● **Recorded data**
[Start of section]

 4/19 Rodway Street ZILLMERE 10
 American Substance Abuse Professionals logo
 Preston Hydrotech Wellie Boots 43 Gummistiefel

[End of section]

● **Exercise goal**
Every line above should be retyped exactly as given.

● **Expected output**
 4/19 Rodway Street ZILLMERE 10
 American Substance Abuse Professionals logo
 Preston Hydrotech Wellie Boots 43 Gummistiefel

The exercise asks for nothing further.